TASK DETAILS: Pictures are not part of the copy. Write out exactly the lines from the line with "天鹅绒肉色透气耐磨春秋款防勾丝 恒源祥浪色短袜/打底袜/丝袜/美腿袜" through the end of the entries below.

- Opening Delimiter -

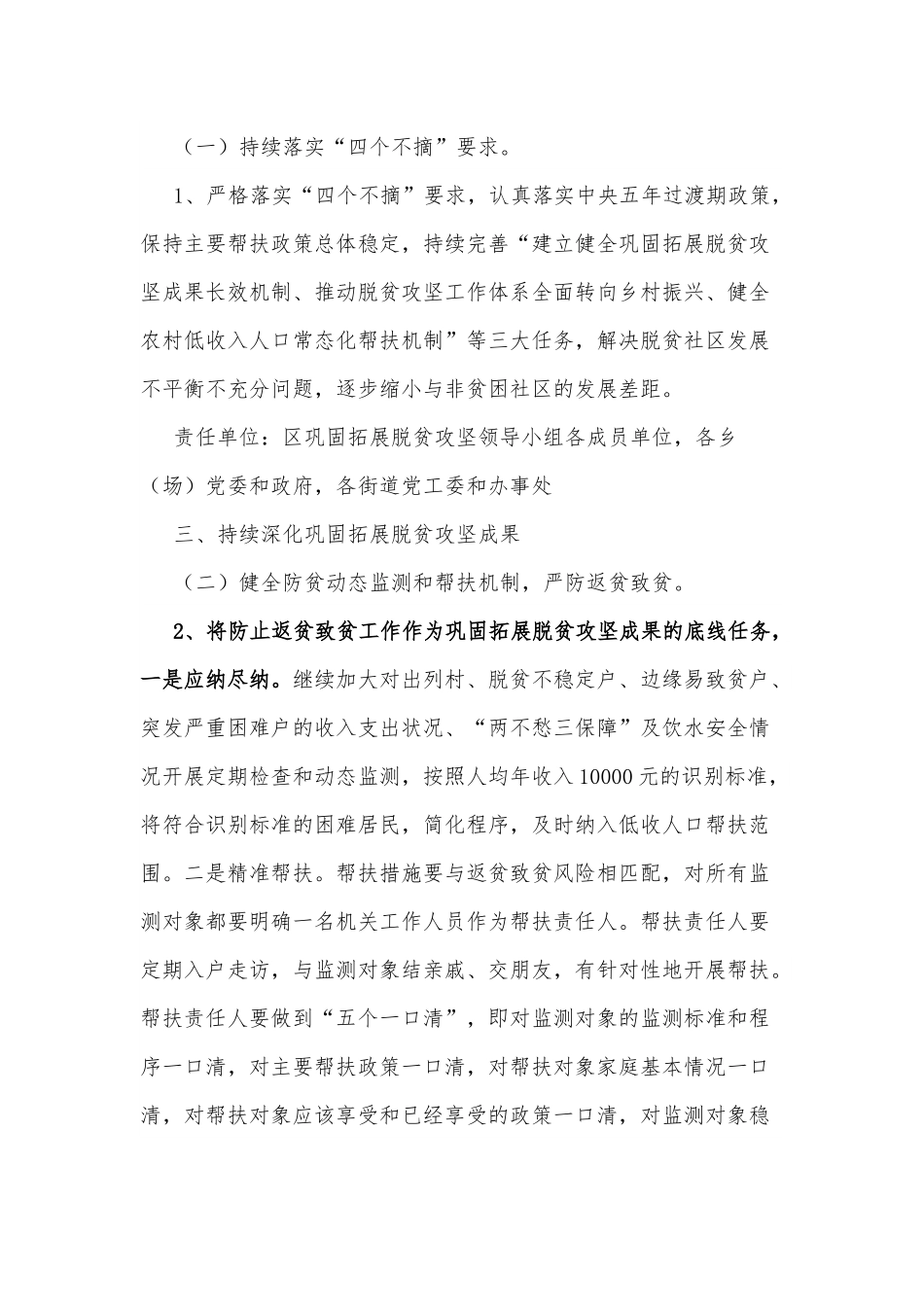 XX区关于2022年进一步建立健全巩固拓展脱贫攻坚成果机制全面推进乡村振兴工作要点.docx_第2页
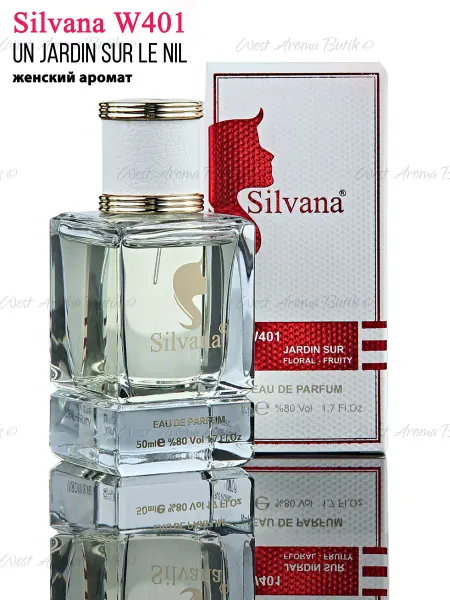 SILVANA Масляные духи Jardin Nil Эрмес № W401 Сильвана аромат 6мл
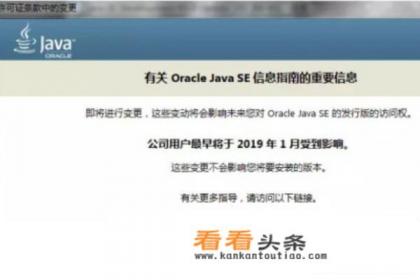 Java安装教程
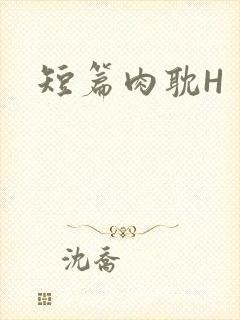 短篇肉耽H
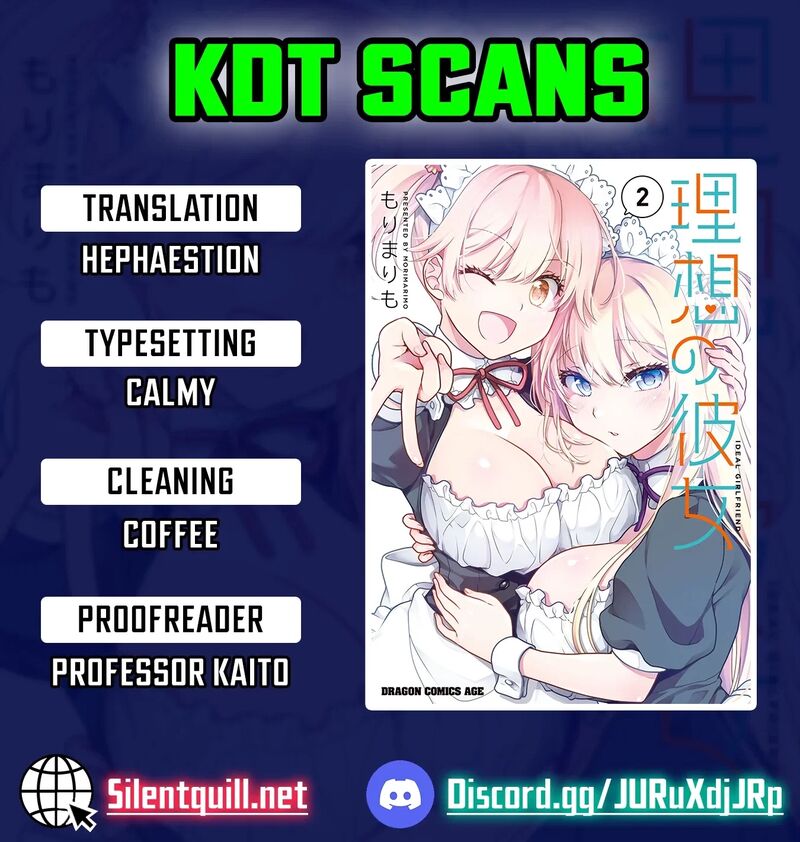 Risou No Kanojo Chapter 30e Page 1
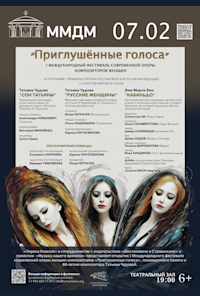 Muffled Voices Festival  International Festival of Contemporary Opera by Women Composers
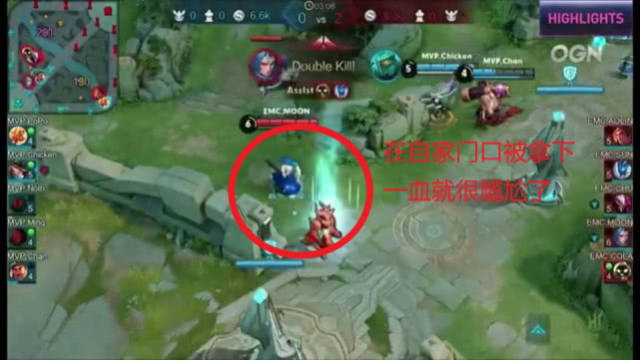 24亿大战 24亿大战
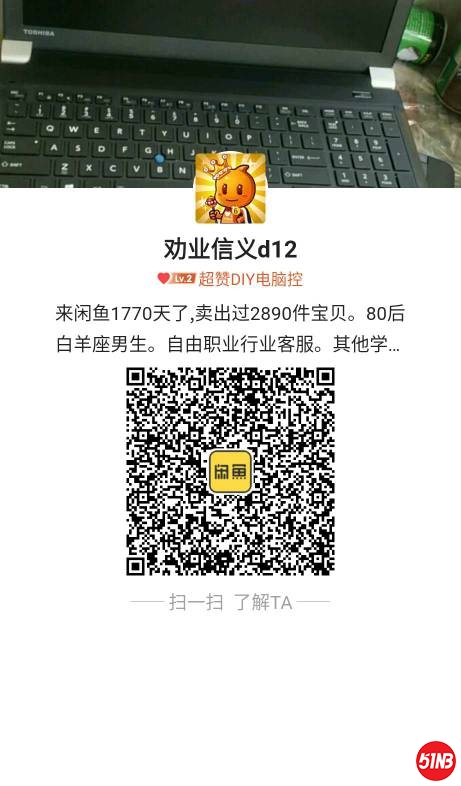222415jx4eat30y8tqe07u.jpg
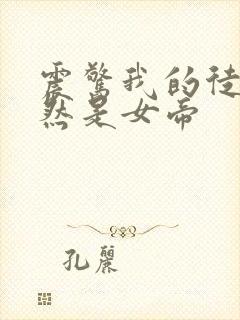 震惊我的徒弟居然是女帝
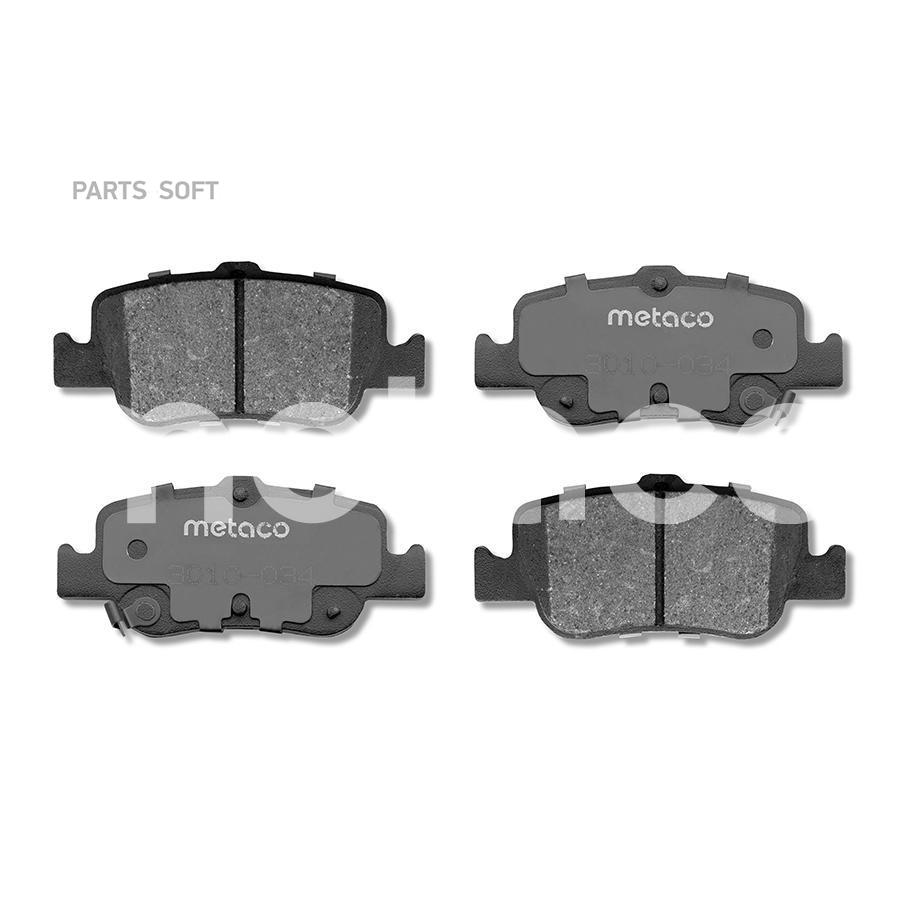 

Тормозные колодки METACO 3010-034
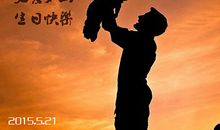 祝福爸爸生日快乐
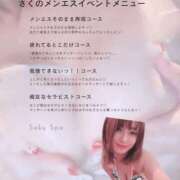 ヒメ日記 2026/03/20 17:39 投稿 さく G-STAGE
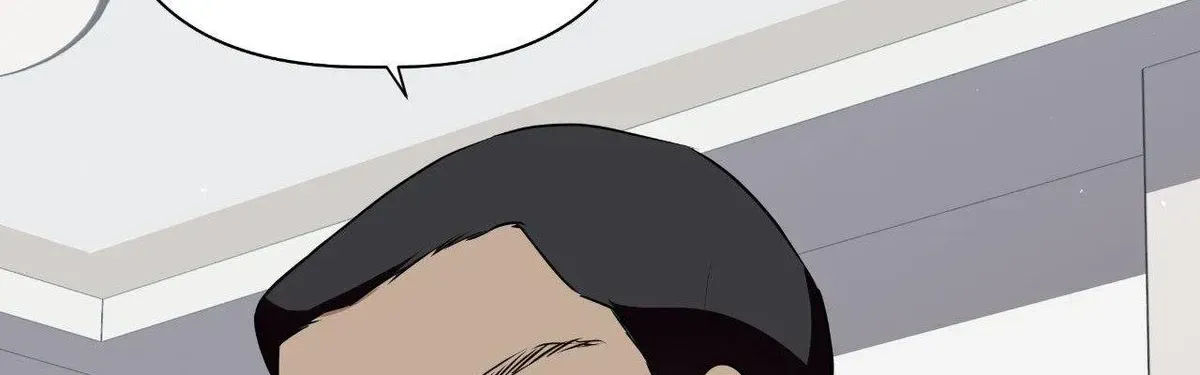 Perfect Omega Chapter 17.1 page 166 - 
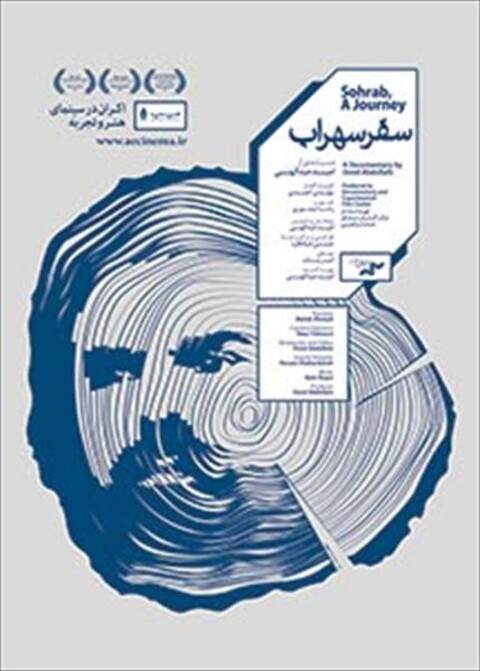 سفر سهراب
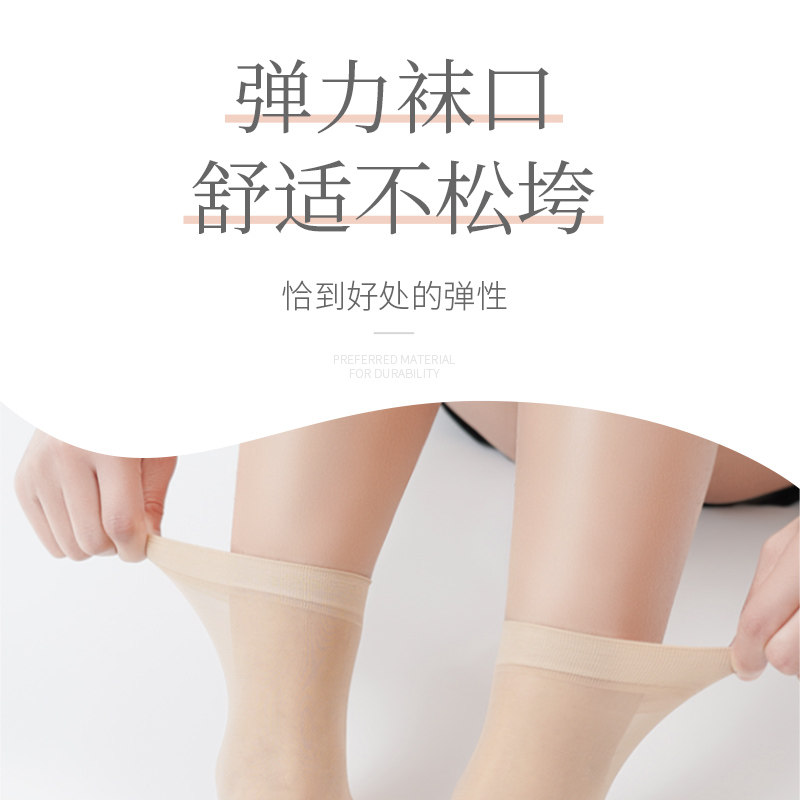 天鹅绒肉色透气耐磨春秋款防勾丝 恒源祥浪色短袜/打底袜/丝袜/美腿袜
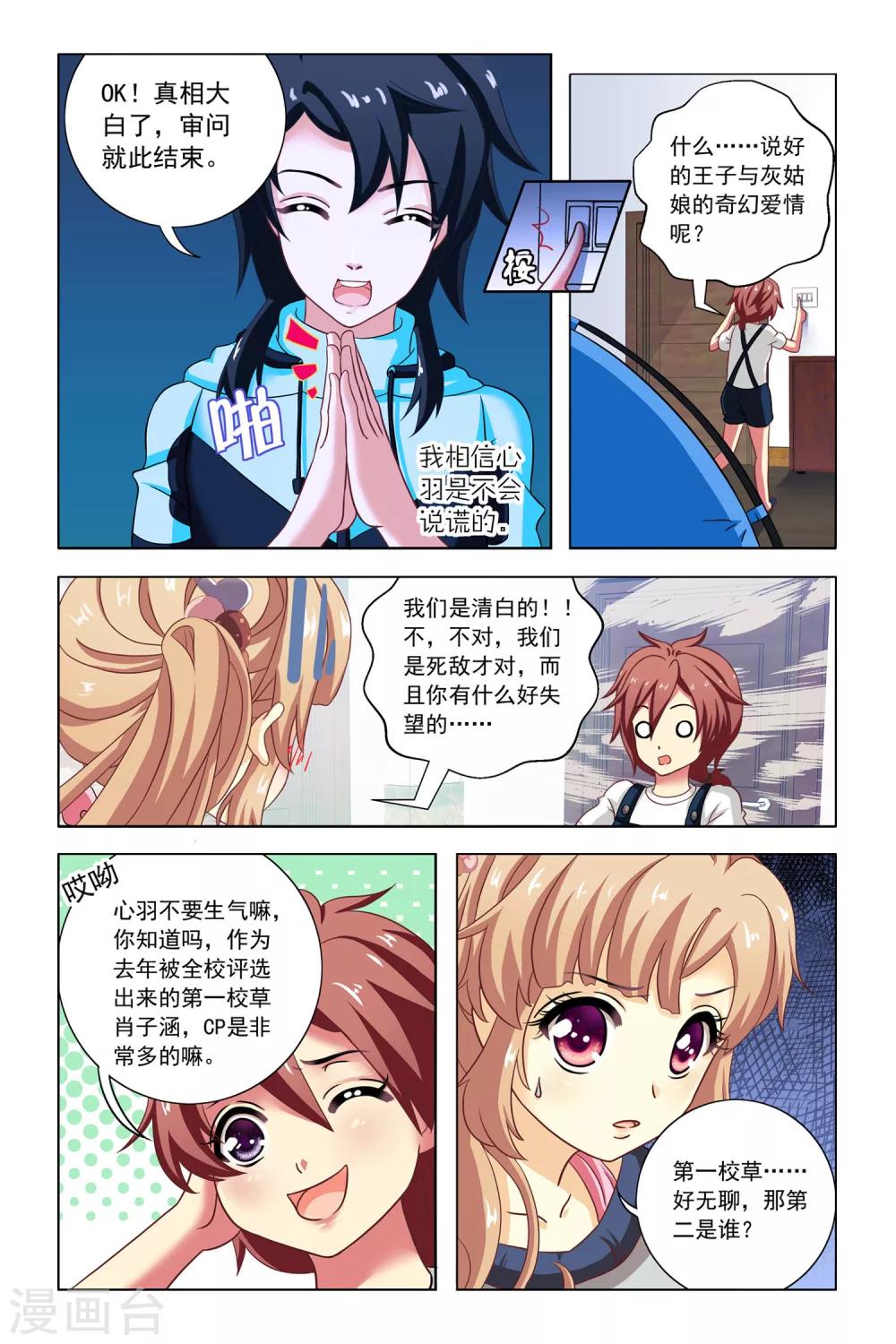 第7话 宿舍会议2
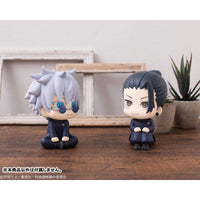 [Pre-order] Satoru Gojo High School ver. - LookUp Jujutsu Kaisen Complete Figure
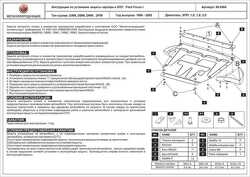 Защита для картера и КПП Ford Focus I -штамповка 02?05 все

- Closing Delimiter -

SOLUTION TO THIS TASK:
 天鹅绒肉色透气耐磨春秋款防勾丝 恒源祥浪色短袜/打底袜/丝袜/美腿袜
 第7话 宿舍会议2
 [Pre-order] Satoru Gojo High School ver. - LookUp Jujutsu Kaisen Complete Figure
 Защита для картера и КПП Ford Focus I -штамповка 02?05 все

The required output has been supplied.